§ **What you have to do**
Copy only what lies from the line containing "Small Pet Outdoor" through the line containing "Ossa Iris Vaso in gres bianco smaltato" in the entries below, keeping both end lines exact and dropping every picture.

§ **Supplied material**
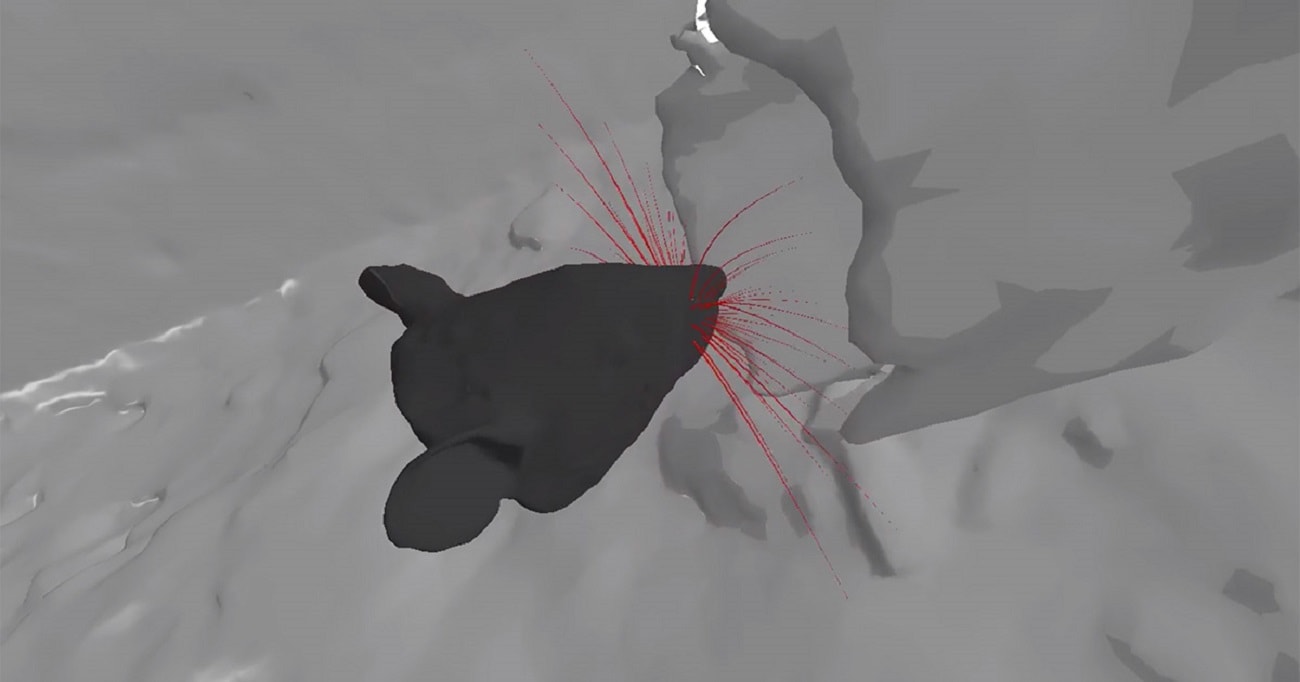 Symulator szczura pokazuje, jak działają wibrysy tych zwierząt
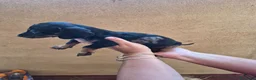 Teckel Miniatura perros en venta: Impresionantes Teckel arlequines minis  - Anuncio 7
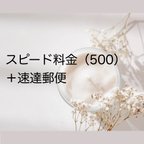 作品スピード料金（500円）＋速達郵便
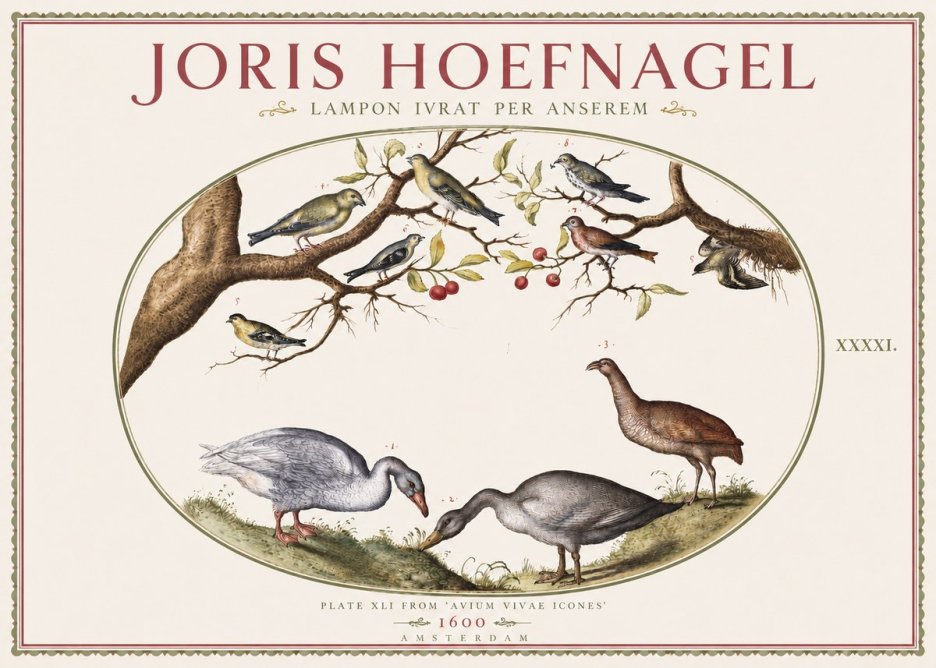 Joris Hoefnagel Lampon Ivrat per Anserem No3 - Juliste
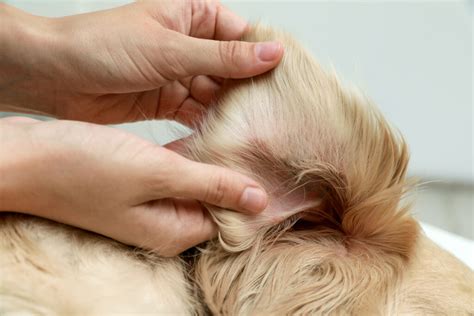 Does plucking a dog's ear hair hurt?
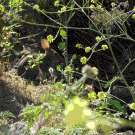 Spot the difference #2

--

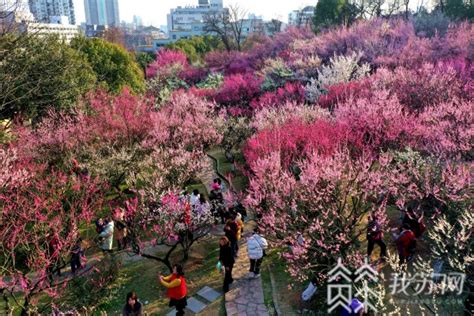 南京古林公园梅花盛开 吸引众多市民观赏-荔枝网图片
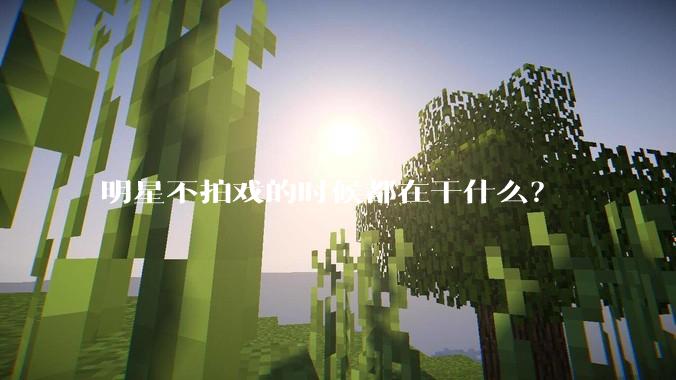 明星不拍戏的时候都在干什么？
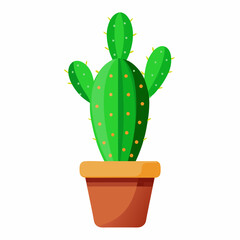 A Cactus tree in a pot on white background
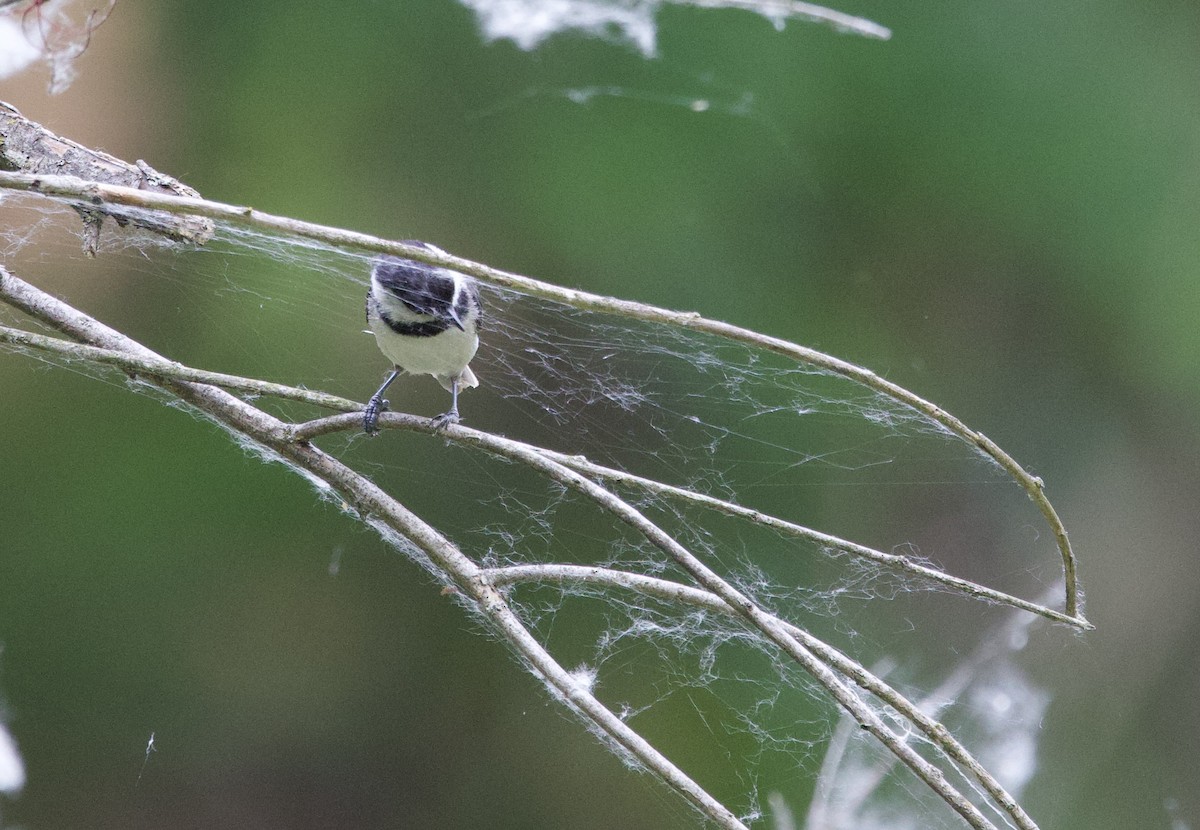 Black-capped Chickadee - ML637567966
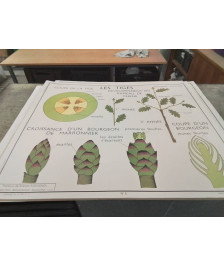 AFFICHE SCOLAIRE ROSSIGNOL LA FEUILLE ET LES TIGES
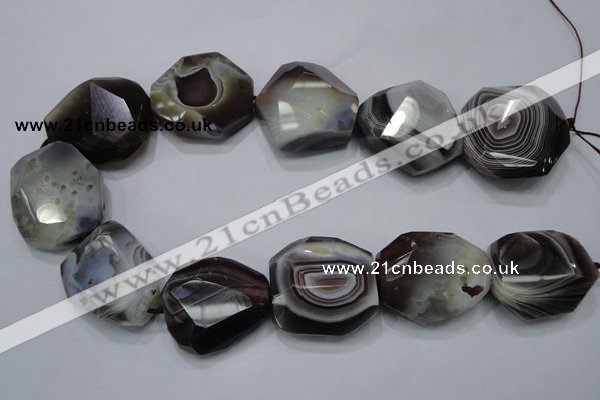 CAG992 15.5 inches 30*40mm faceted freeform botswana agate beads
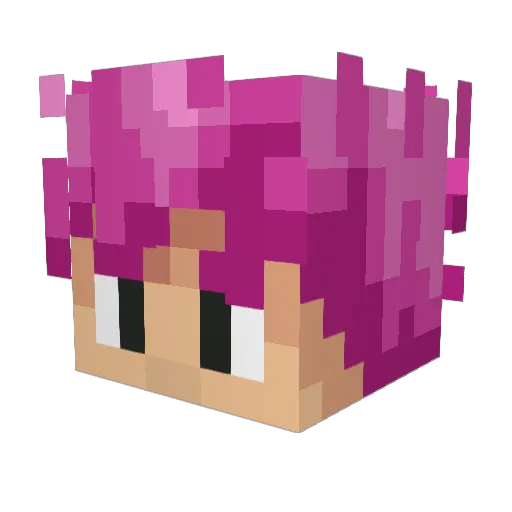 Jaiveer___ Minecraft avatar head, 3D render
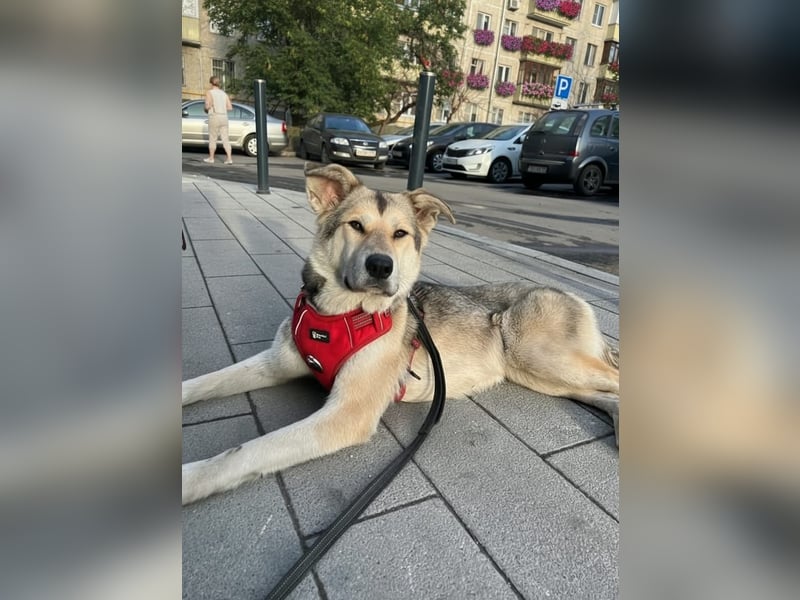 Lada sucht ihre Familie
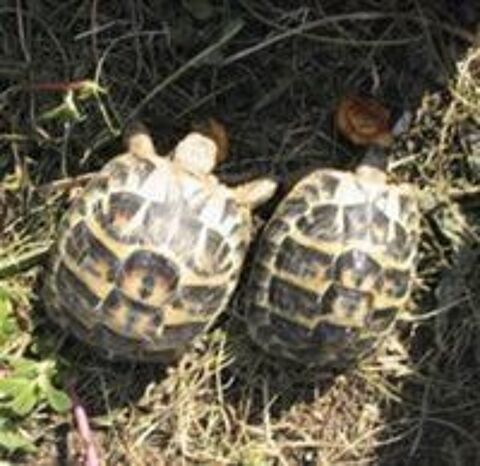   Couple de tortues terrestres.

...

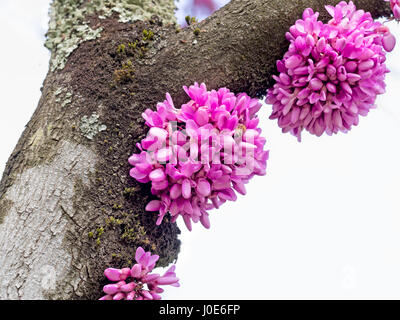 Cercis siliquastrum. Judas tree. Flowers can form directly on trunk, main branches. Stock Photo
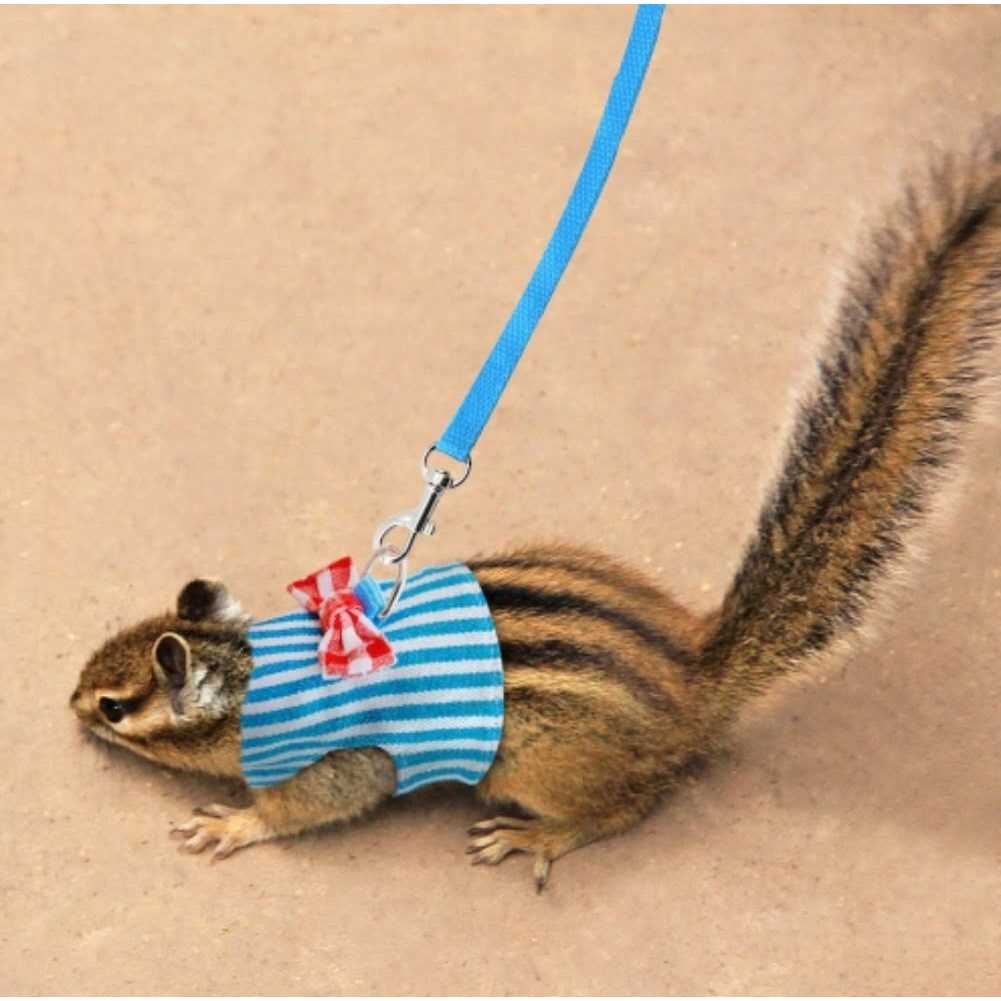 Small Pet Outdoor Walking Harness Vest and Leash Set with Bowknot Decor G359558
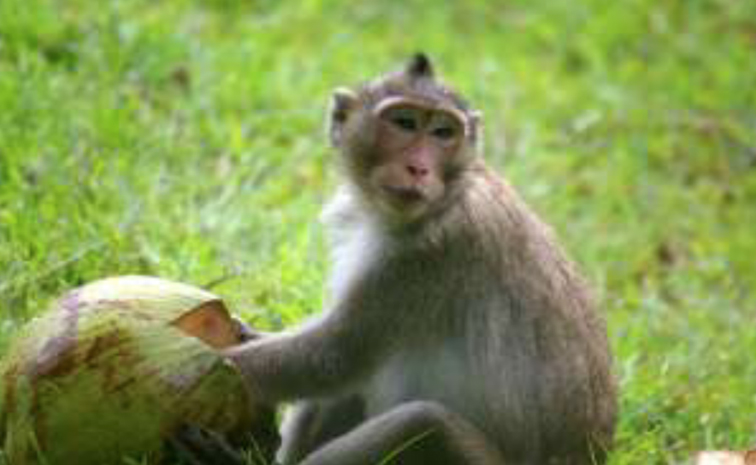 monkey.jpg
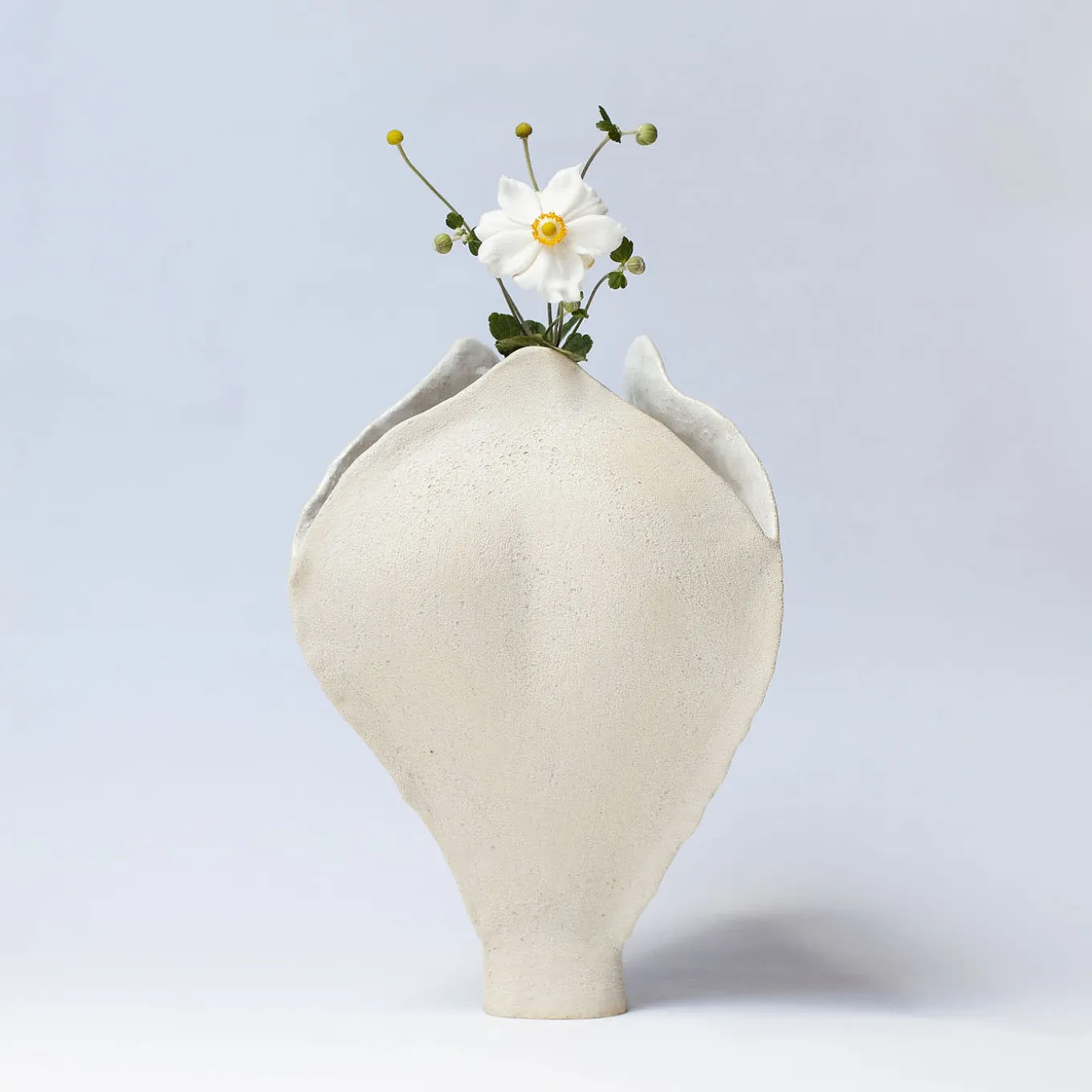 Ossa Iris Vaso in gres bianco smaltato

§ **Expected answer**
 Small Pet Outdoor Walking Harness Vest and Leash Set with Bowknot Decor G359558
 monkey.jpg
 Ossa Iris Vaso in gres bianco smaltato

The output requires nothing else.